Hugh Martin CH (7 April 1890 Glasgow – 2 July 1964 East Grinstead) was a British Christian student leader, active in the ecumenical movement, and a publisher whose SCM Press brought out many theological books. A Baptist who was trained for the ministry and who edited their 1962 Hymn Book, he was deeply involved in the ecumenical movement, working for Christian student bodies, the British Council of Churches, and to promote reconstruction in Europe following World War II. He was appointed a Member of the Order of the Companions of Honour in 1955.

==Education==
He was born in 1890, son of a Baptist minister. He studied at Glasgow Academy and the Royal Technical College, Glasgow. At the University of Glasgow, he won the Henderson biblical prize in 1913. He then studied theology at Baptist Theological College of Scotland, where he was awarded the Baptist Union scholarship for the highest marks.

==Career==
He seemed set for a career in the Baptist ministry, being placed on the probationary list of ministers in 1914, and the main list in 1920. However, he chose to work with students, and in 1914 became assistant secretary of the Student Christian Movement, in charge of the organisation's publications. He was treasurer of the World Student Christian Federation from 1928 to 1935.

In 1929 he founded SCM Press as a separate company, based on the existing publications department of the Student Christian Movement. In 1937 they founded the Religious Book Club which soon had 18,000 members. Following a break due to the war, he became managing director of SCM Press in 1943.

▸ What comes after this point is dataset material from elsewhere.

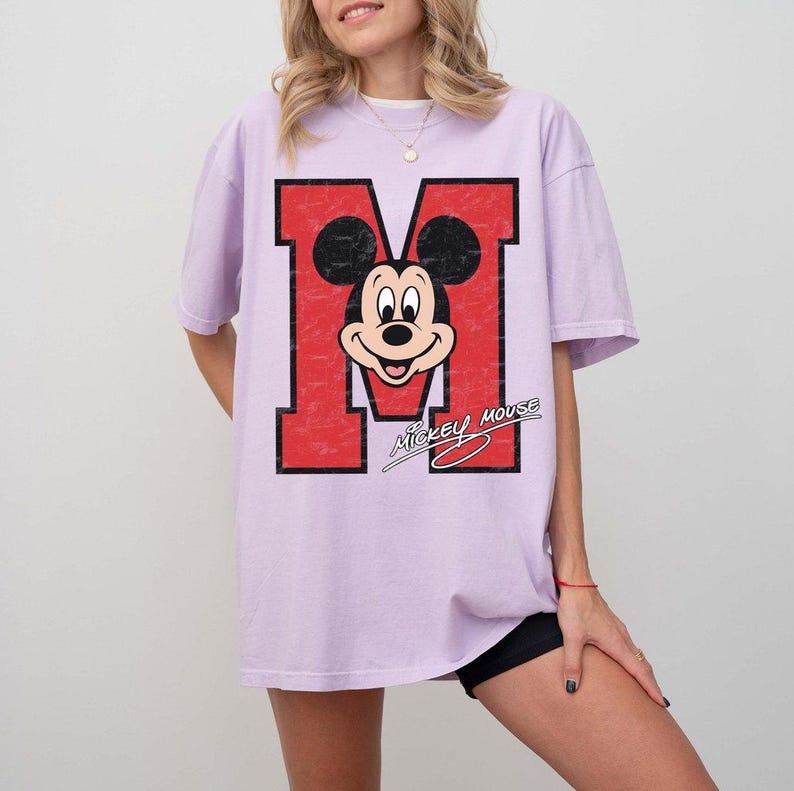 May include: A light purple t-shirt featuring a large red letter "M" with a distressed texture. Inside the "M" is a smiling Mickey Mouse graphic. The words "Mickey Mouse" are written in a stylized font below the graphic.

During World War II he served in the Ministry of Information, in the religious division.

In 1943 he became Free Church leader of the British Council of Churches. Following World War II, he served on the committee of Christian Reconstruction in Europe. He was Moderator of the National Free Church Federal Council.

He edited The Baptist Hymn Book, 1962, published by the Psalms and Trust, having persuaded the Trustees to go for awholly new book rather than a revision, and co-wrote the Baptist Hymn Book Companion (1962).

==Honours==
He became a member of the Order of the Companions of Honour in 1955.

==Works==

=== Books ===

- The Beatitudes
- The Lord's Prayer
- The Parables of the Gospels
- Luke's Portrait of Jesus
- The Atonement
- The Meaning of the Old Testament (1925)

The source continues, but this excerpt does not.